Moreover, you can't say that kids don't give you enough time to travel, since most kids have 3-4 months off per year. Many families also experience some degree of economies of scale that single people can only achieve if they live with roommates. Finally, most who have families are in their 30-50s, which is typically when people earn their highest salaries. A 25-year-old can only dream of making what someone who is 45 makes.
My point is that families can apply the basic ideas I've outlined here to pursue their travel dreams. They may not be able to travel as far or as long as a childless person, but they can certainly downsize, live simply, and travel frugally. Yes, even if you have a family, you can explore the world.
READ CHAPTER 2 OF HIKE YOUR OWN HIKE
I spend dozens of pages in my book, Hike Your Own Hike: 7 Life Lessons from Backpacking Across America, detailing ways to manage your fiscal life. I encourage you to buy the book to learn not just to get the most out of your finances, but also to get the most out of life itself.
Traveling the world isn't as costly as you think.
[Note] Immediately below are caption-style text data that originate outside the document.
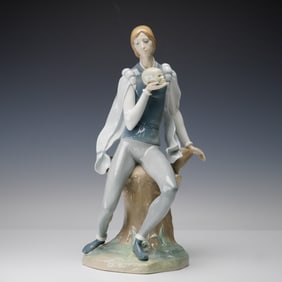 Lladro Porcelain Sculpture Hamlet by Alfredo Ruiz, 1004729
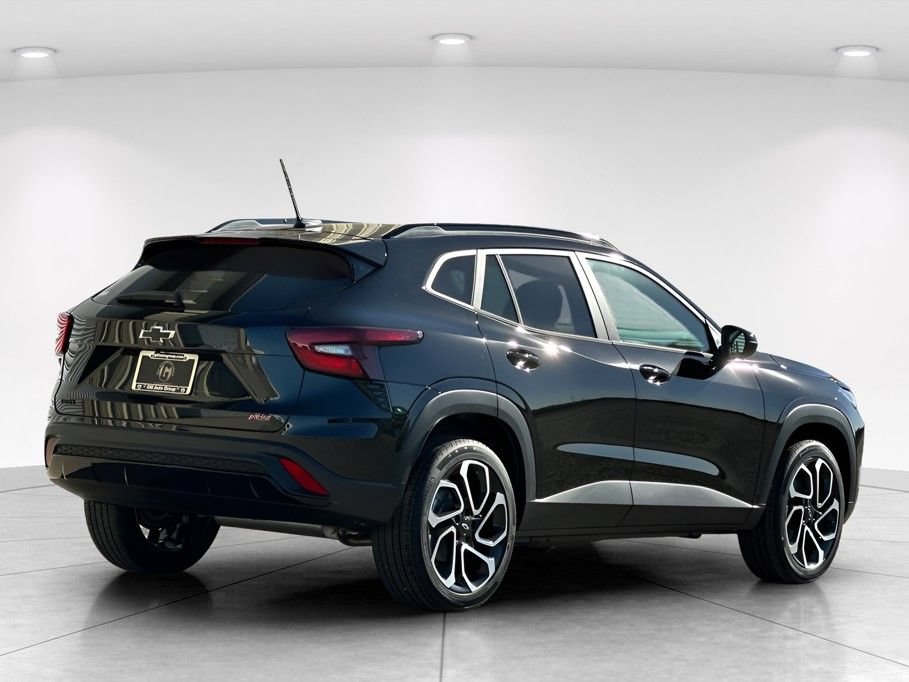 New 2026 Chevrolet Trax RS w/ Sunroof Package FWD image 6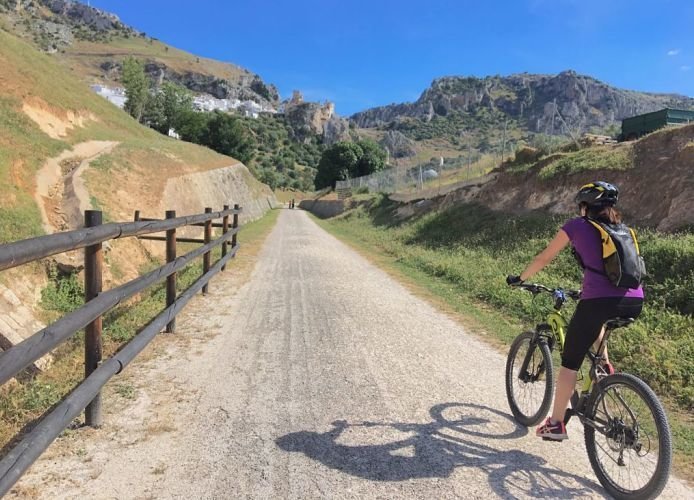 via-verde-de-la-subbetica-en-bicicleta-1024x768_opt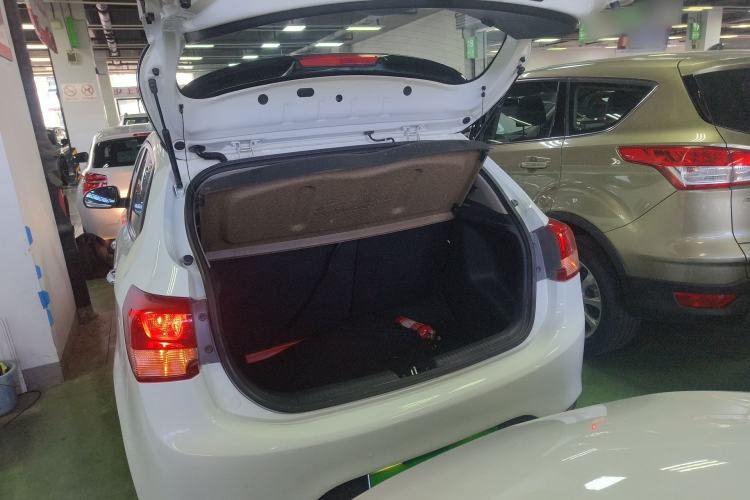 Used Kia K2 2015 Hatchback 1.4L AT GLS Cool Edition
You can buy a round-trip ticket to most places on this planet for about $1,000. Once you're there, you can take public transportation, stay at cheap accommodations, eat simply, and still enjoy many of the attractions while spending under $50 a day, even in the most expensive cities of the world. Budget wanderers often discover that their costs of living on the road are often lower than at home. And if you sublet your apartment or rent out your home, you can cover your home costs so you can travel for months.
Furthermore, being frugal doesn't mean you shouldn't be generous. For instance, I donate half of my book royalty to the National Scenic Trails of America. If you're tight on cash, look for non-monetary ways to give back: babysit your friend's kids for free; help clean up a beach; assist someone who is moving out; host a stranger in your house, especially if he's a smelly thru-hiker.
Finally, beware of upgrading your life too quickly. I discuss this in my book. Once you raise your standard of living, it's hard to go back.
In conclusion, live below your means, hike your own hike, wander and learn.